• _Data listing_:
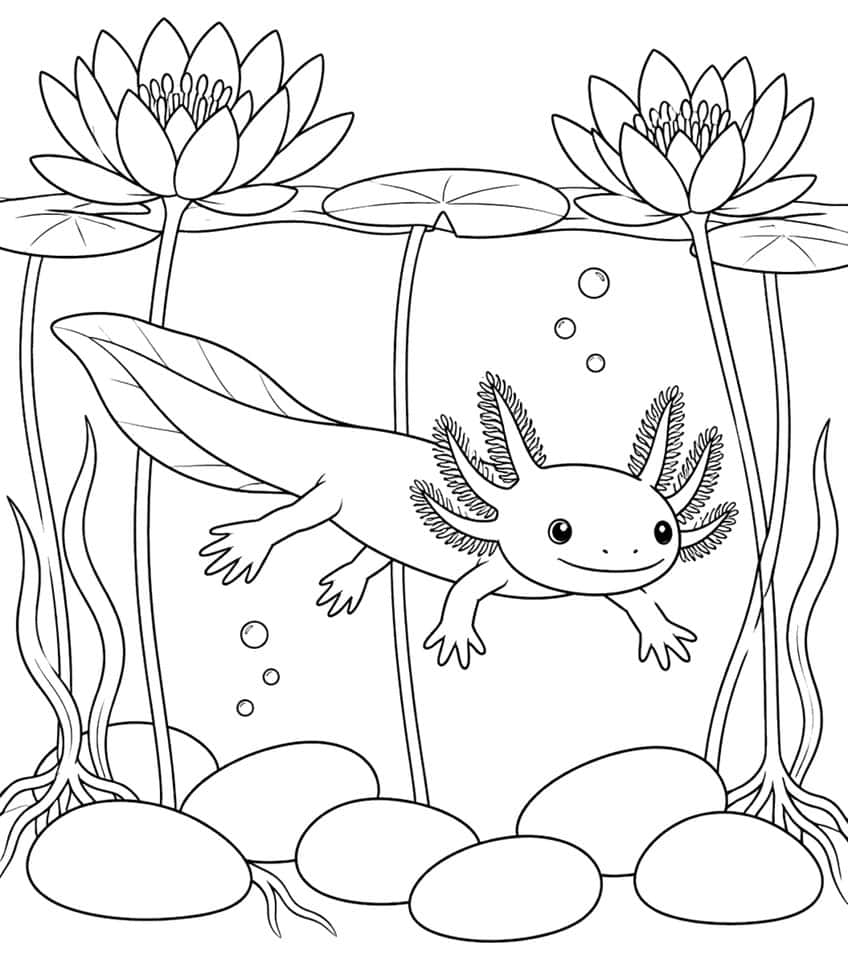 Ausmalbild: Axolotl schwimmt unter zwei blühenden Seerosen über Steinen am Teichgrund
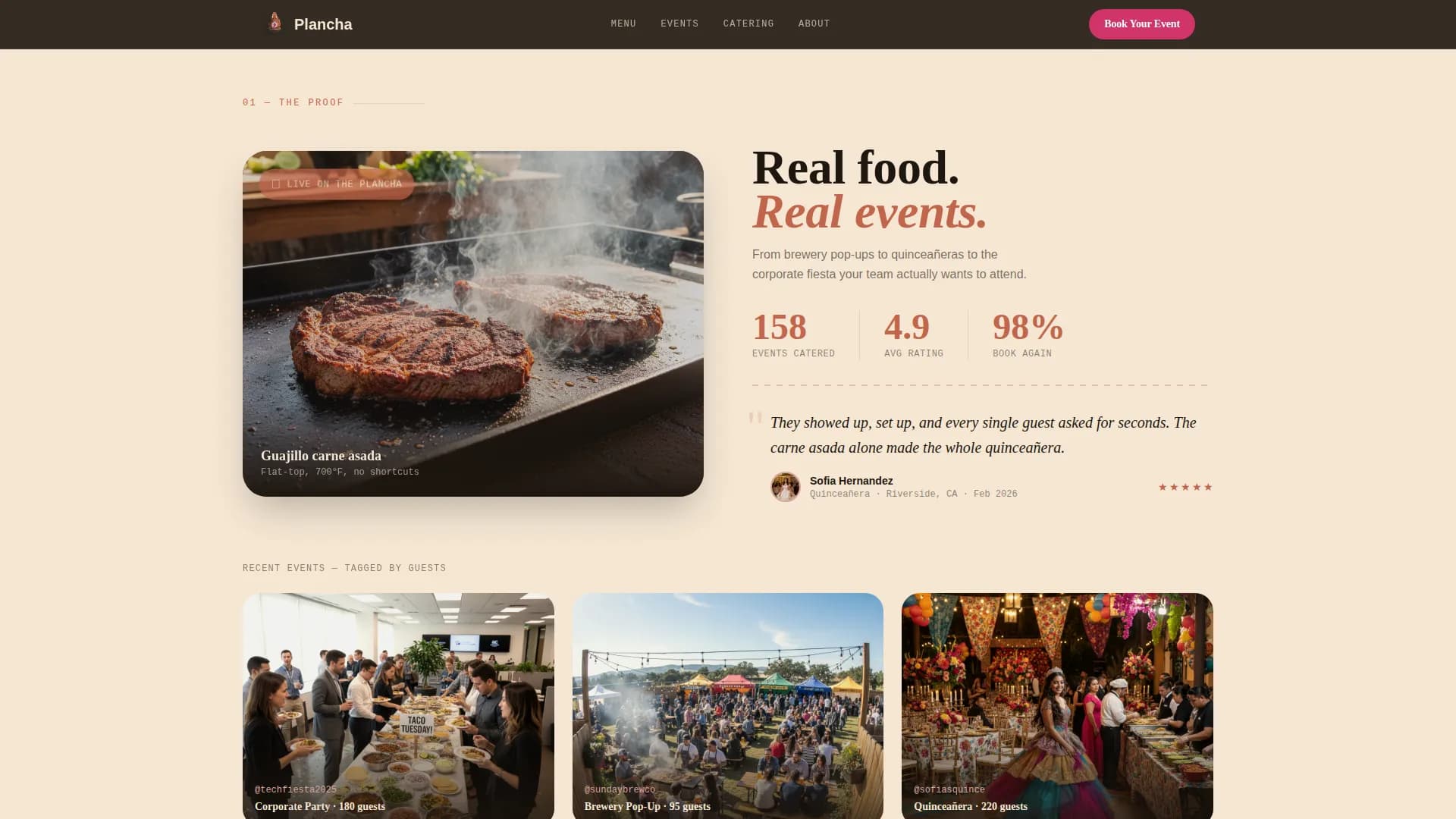 Plancha — Bold Taco Catering Landing Page Template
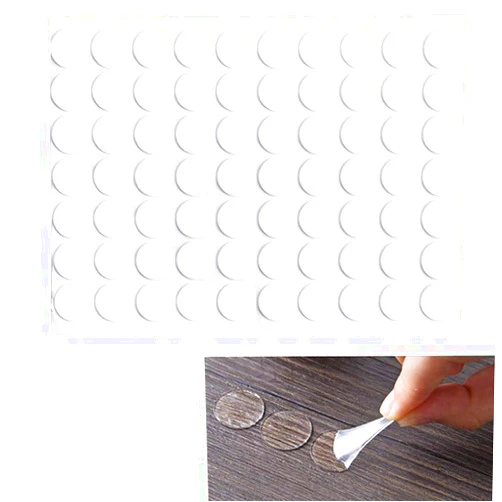 Teensery 210 Count Transparent Double-Sided Tape Stickers Round Acrylic No Traces Adhesive Sticker Creative Super Sticky Waterproof Small Stickers 2 cm/0.8 inch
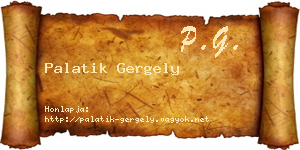 Palatik Gergely névjegykártya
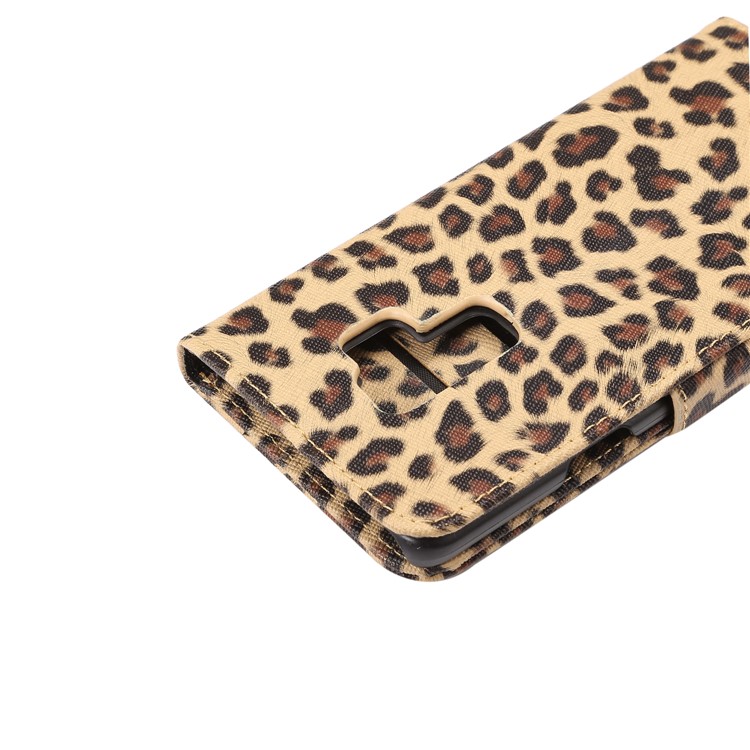 Leopard Pattern Leather Wallet Stand Cover Case for Samsung Galaxy S9 Plus - Brown-7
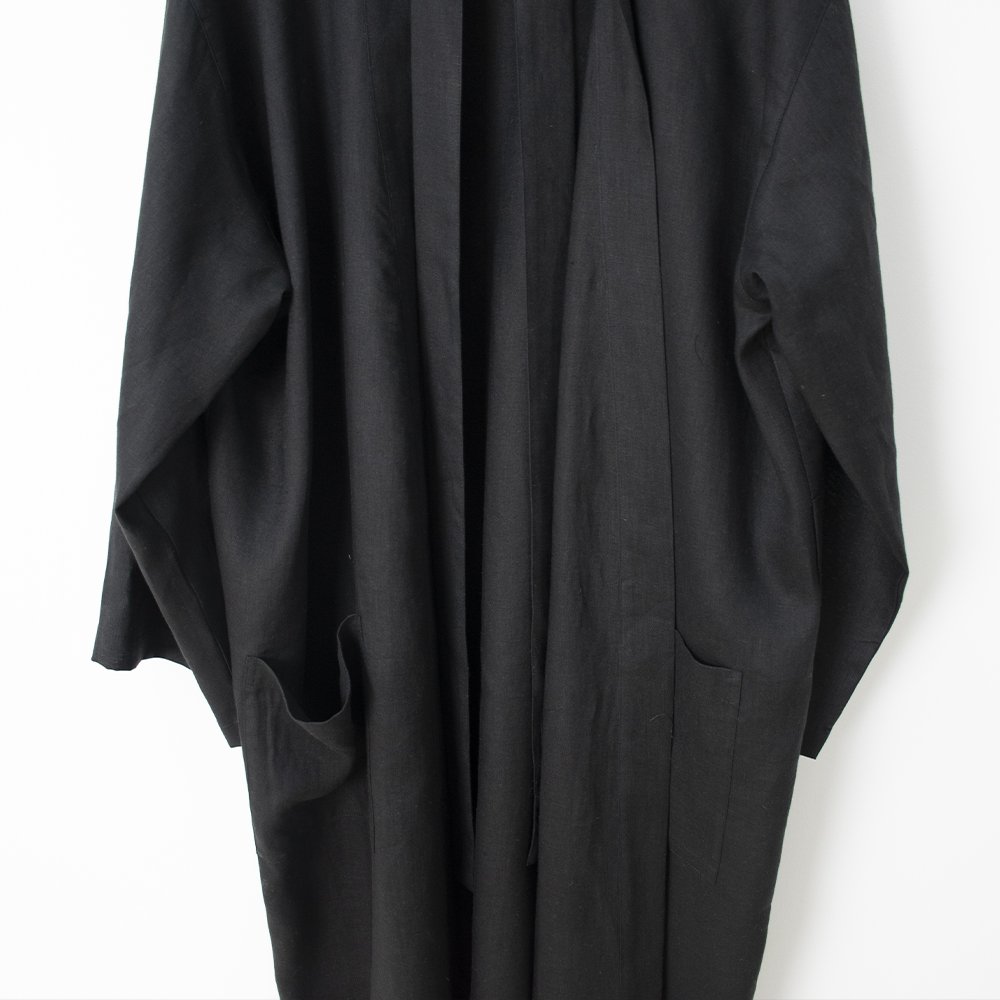 summer short sleeve belted unisex black sustainable linen bathrobe 100% linen beach kimono
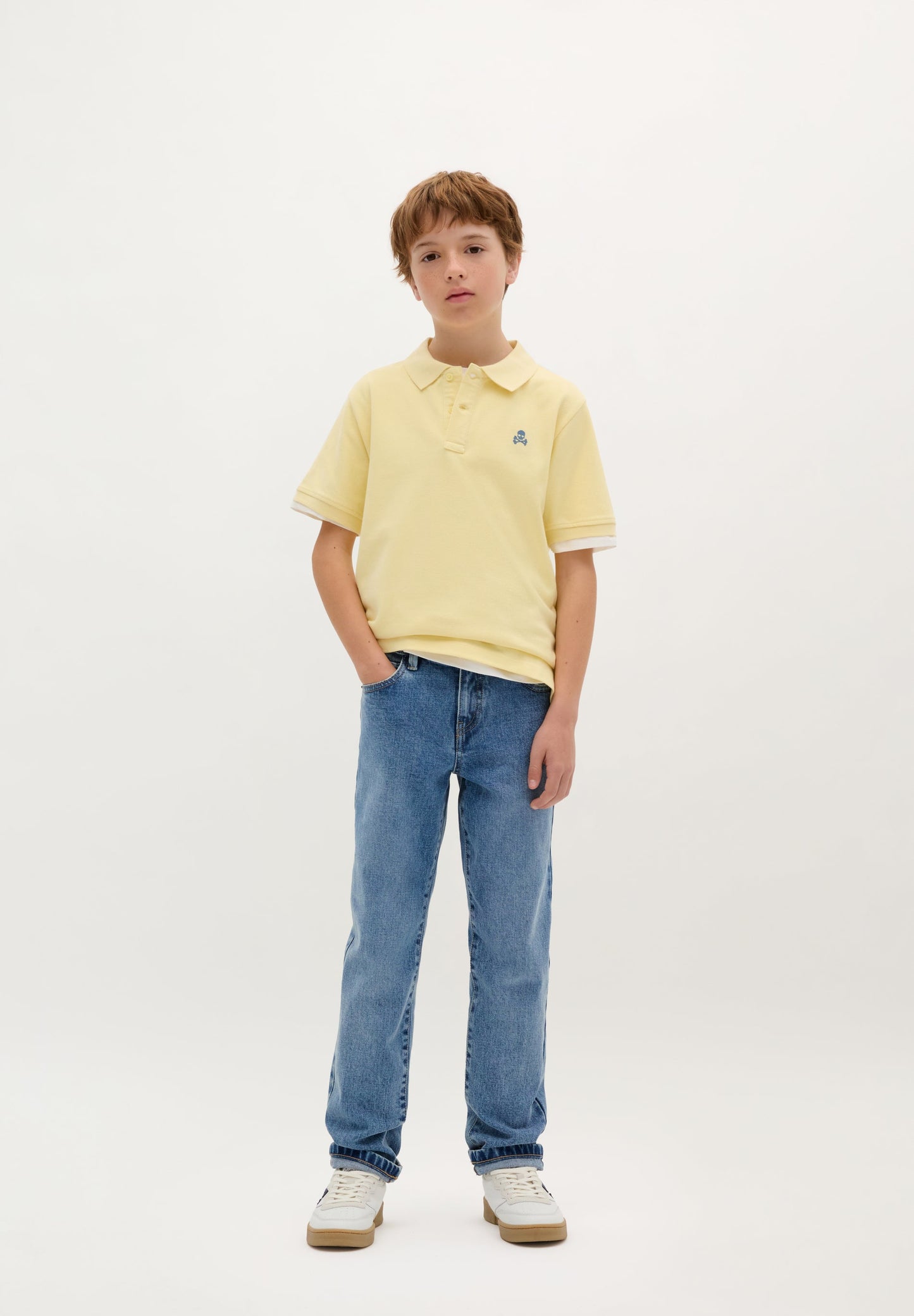 BASIC POLO SHIRT WITH SKULL DETAIL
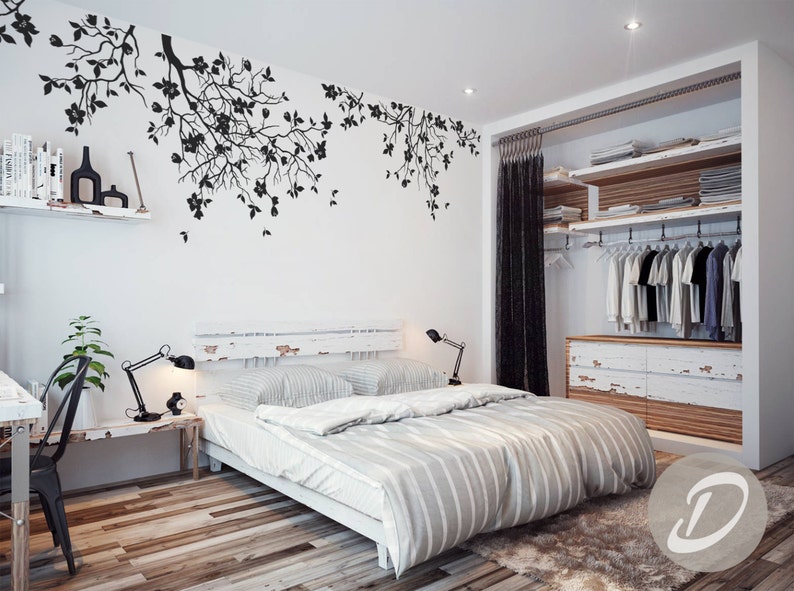 Hanging tree branches Wall Decal for Baby Girl Nursery with Flowers White Tree Branch Wall Decals AM013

• _What you should do_:
What you need to produce is an exact copy of the entries above, limited to the lines from the one with "Teensery 210 Count" up to and including the one with "BASIC POLO SHIRT WITH SKULL DETAIL", without pictures.

• _Exercise solution_:
 Teensery 210 Count Transparent Double-Sided Tape Stickers Round Acrylic No Traces Adhesive Sticker Creative Super Sticky Waterproof Small Stickers 2 cm/0.8 inch
 Palatik Gergely névjegykártya
 Leopard Pattern Leather Wallet Stand Cover Case for Samsung Galaxy S9 Plus - Brown-7
 summer short sleeve belted unisex black sustainable linen bathrobe 100% linen beach kimono
 BASIC POLO SHIRT WITH SKULL DETAIL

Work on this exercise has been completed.